When doing my research for a class I ran across a thesis on just this issue:
"Integrating Land Survey Data into Measurement-Based GIS". You can find the paper here: http://digitallibrary.usc.edu/cdm/ref/collection/p15799coll3/id/65555
This will probably be over your knowledge right now but it brings home the point about the conflicts between GIS and survey data. But for what you want to do, it is very possible.
What CAD software do you use? You will need to ensure that the projection is properly defined in the CAD. If you have been surveying on local coordinates, I HIGHLY recommend you find a way to tie all of those surveys into one unified system. Is there local control used in your area? Do you use GPS? Also, make certain that the scale factor is correct since this has impact on the projection. If you work in two zones, that is okay, it will work out fine. Just make certain each drawing is in a proper projection. I work in UTM in Afghanistan, but in the states, State Planes works. The big problem with SPCS is corrections for elevation, again proper definition in the CAD.
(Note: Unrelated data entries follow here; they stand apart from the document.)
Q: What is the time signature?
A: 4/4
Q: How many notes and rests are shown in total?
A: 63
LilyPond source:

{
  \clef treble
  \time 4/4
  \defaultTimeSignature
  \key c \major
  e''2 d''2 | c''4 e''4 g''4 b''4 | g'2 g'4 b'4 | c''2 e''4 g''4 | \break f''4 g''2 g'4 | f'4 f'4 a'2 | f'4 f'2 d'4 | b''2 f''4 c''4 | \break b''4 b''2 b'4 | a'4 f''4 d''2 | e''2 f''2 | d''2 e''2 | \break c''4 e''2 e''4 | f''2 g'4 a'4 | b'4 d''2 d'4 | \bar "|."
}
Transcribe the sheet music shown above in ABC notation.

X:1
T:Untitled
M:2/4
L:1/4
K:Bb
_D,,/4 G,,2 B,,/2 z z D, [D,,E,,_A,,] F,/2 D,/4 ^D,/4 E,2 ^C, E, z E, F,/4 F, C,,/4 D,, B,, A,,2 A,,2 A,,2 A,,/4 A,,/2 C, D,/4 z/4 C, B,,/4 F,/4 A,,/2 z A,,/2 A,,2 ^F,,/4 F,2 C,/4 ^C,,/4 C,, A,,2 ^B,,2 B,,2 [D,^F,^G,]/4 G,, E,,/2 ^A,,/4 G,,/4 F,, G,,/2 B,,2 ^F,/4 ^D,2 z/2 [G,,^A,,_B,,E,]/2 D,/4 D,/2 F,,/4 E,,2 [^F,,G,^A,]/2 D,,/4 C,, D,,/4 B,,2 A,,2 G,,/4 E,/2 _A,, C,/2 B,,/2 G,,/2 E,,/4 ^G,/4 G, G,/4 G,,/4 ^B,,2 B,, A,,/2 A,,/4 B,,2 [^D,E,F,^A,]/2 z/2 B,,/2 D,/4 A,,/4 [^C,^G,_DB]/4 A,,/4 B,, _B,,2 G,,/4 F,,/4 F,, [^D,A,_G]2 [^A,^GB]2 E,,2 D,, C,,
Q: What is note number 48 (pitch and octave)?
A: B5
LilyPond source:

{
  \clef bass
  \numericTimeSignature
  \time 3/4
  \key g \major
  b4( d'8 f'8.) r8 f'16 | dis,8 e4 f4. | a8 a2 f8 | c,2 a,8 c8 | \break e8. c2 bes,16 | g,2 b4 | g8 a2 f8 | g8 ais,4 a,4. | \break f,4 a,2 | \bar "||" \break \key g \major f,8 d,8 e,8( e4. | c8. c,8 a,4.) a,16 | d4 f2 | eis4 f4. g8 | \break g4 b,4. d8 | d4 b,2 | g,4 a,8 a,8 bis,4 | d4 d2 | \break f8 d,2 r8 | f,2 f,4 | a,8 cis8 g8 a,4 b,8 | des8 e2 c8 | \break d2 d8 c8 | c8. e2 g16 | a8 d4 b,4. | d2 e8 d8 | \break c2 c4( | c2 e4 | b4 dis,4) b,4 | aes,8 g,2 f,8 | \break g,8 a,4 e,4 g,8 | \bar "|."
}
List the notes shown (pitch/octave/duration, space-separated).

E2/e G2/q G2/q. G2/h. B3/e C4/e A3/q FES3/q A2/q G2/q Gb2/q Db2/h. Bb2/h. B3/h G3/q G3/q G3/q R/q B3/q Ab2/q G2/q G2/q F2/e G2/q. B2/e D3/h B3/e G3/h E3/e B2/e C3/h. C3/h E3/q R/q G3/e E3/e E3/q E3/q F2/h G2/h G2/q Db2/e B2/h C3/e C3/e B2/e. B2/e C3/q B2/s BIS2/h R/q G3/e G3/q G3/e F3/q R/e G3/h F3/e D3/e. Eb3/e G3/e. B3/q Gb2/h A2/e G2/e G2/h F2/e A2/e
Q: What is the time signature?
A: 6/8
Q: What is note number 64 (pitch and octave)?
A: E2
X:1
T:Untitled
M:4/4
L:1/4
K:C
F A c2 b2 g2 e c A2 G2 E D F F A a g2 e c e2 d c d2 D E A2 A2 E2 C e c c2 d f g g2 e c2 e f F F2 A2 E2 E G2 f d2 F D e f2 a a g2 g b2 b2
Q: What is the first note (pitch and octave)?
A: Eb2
Just like doing a spreadsheet, setting up a bid proposal, or starting a survey it is the ground work that will decide success. Because all 52 camps that we survey here are on UTM, I literally just dragged and dropped them straight from CAD into my GIS. There is a lot more to do than that if you want a good database, but if you want something quick and dirty to see all of your jobs on one screen and overlay it on a downloaded image such as the local county's aerials or even google, this is all you have to do.... after you have correct projections in your base files.
If you want to talk about it sometime or even bounce some idea off of me as to what you would like to do, feel free to email me.
Oh yeah - keep your nephew away from your files until he learns GIS:-)
teresa
It's going to be up to the GIS "profession" to make the major leaps in progress towards some sort of product consistency before even discussing a national cadastre.
Just here in Ohio there is so much variation in capability, training, and implementation from county GIS to county GIS that it is a running joke among surveyors. You'll need to fix that problem first. Asking surveyors to input quality work into such an environment is currently pointless.
Teresa,
I think you're unfairly knocking Harold's nephew. He realizes that the common practice of some surveyors to use a local coordinate reference system makes the data hard to use in a GIS. This implies to me that he has some fundamental knowledge about map projections or coordinate systems.
Melita
:good:
You don't tell a 2 year old all your knowledge about why not to stick his fingers in the electrical socket, you just tell him not to do it.
Thanks for the link. Very good reading. Jp
Melita,
You are probably right, it's late at night for me and I'm getting grumpy. But putting all of the surveys into one GIS for the purposes of a database of your surveys is not overly complicated. It becomes complicated if you want to use it as your survey data source. It really comes down to what you are looking for from your tool. It sounded to me like harold really wants to have a record of all of the surveys in one place. If he uses local control for everything then getting an aerial image and rectifying each survey to a point on the image will go a long way to giving you a picture of your business records, at least more dynamic than push pins on a map on the wall. If you're utilizing GPS, a lot of problems are solved.
Past my bedtime, I should shutup and go to be.
I don't propose to have all the answers and I agree that we have a long way to go. What my suggestion does, is try to get surveyors to the point where we are outputting data that can be useful to a proper GIS. Mandating filing and georeferencing is the only way to do that.
"Mandating filing and georeferencing is the only way to do that."
And getting it through state legislatures is the only way to do that.